Mary Robinson

janvier 2004

Mary Robinson
Ancienne présidente de la république d’Irlande

« Je n’accepte pas qu’une mort en justifie une autre »

Europe

Sans demi-mesure

Dans l’univers policé de la diplomatie internationale, Mary Robinson détonne.

Malgré les pressions internationales, l’ancienne haut-commissaire aux Nations Unies, a fait entendre sa voix abolitionniste jusqu’au bout de son mandat. « J’ai la plus sincère compassion pour les familles victimes de meurtre mais je n’accepte pas qu’une mort en justifie une autre. » Mary Robinson n’a jamais eu peur des mots.

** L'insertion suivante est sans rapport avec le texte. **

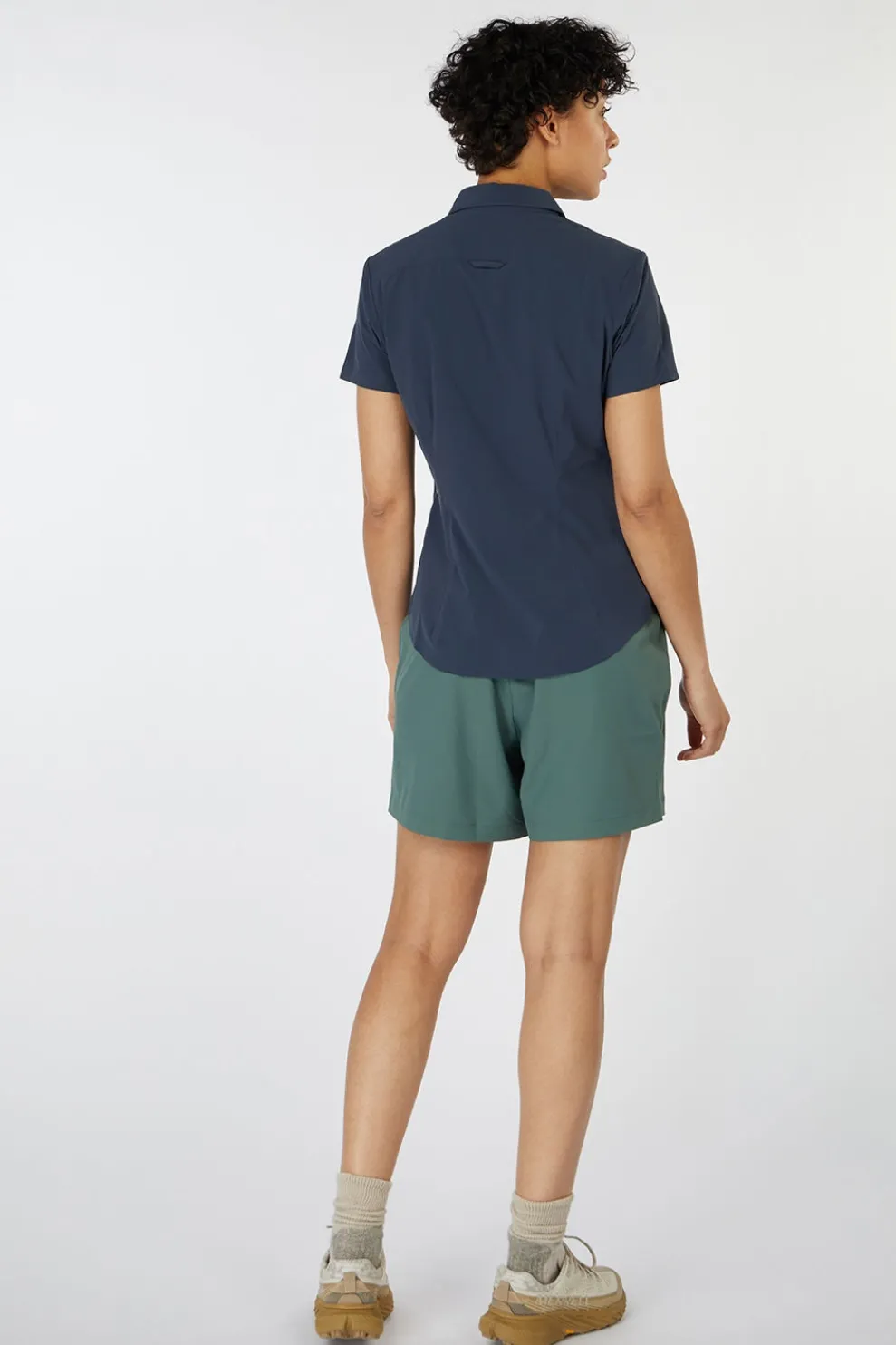 Hemd High Coast Lite Shirt Ss W-Fjällräven Online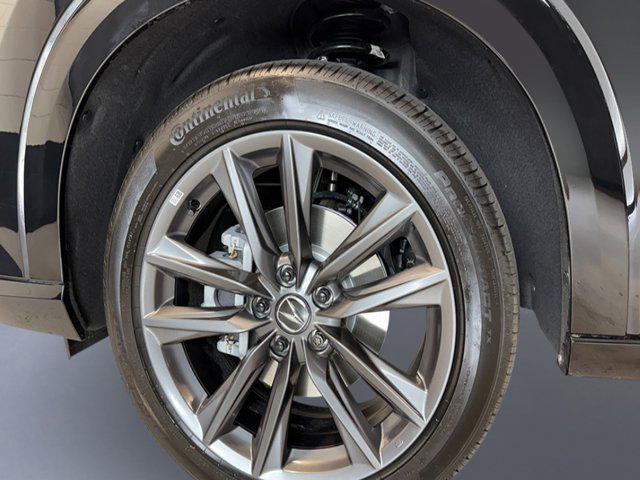 new 2026 Acura ADX car, priced at $41,650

Peur d’exprimer publiquement son aversion pour la peine de mort. Une franchise plutôt rare dans l’univers feutré des diplomates internationaux. Et qui lui a coûté cher. Haut-commissaire des Nations Unis aux Droits de l’Homme, cette femme de caractère, mère de trois enfants et ancienne présidente de l’Irlande, a quitté son poste en septembre 2002. Plus exactement son mandat n’a pas été renouvelé par Kofi Annan, secrétaire général de l’ONU. L’« éviction » a arrangé beaucoup de monde.

La Chine et la Russie où cette avocate de 59 ans a souvent dénoncé les violations des Droits de l’Homme. Sans oublier la Maison Blanche. « Dans cette affaire la question de la peine de mort est centrale, confessait récemment l’un de ses proches conseillers à un quotidien irlandais.

L’Union européenne et Mary Robinson n’ont cessé de dire aux États-Unis qu’ils désapprouvaient cette pratique et qu’ils souhaitaient la voir cesser. »

En juin 2000, Madame, la Haut-commissaire écrit ainsi à un certain George. W. Bush, gouverneur du Texas une lettre salée à mille lieux de la traditionnelle prudence onusienne : « J’estime que l’exécution de M. Graham, martèle l’ancienne diplômée de Harvard, va à l’encontre des principes internationaux largement acceptés et du désir de la communauté internationale de voir abolir la peine de mort. »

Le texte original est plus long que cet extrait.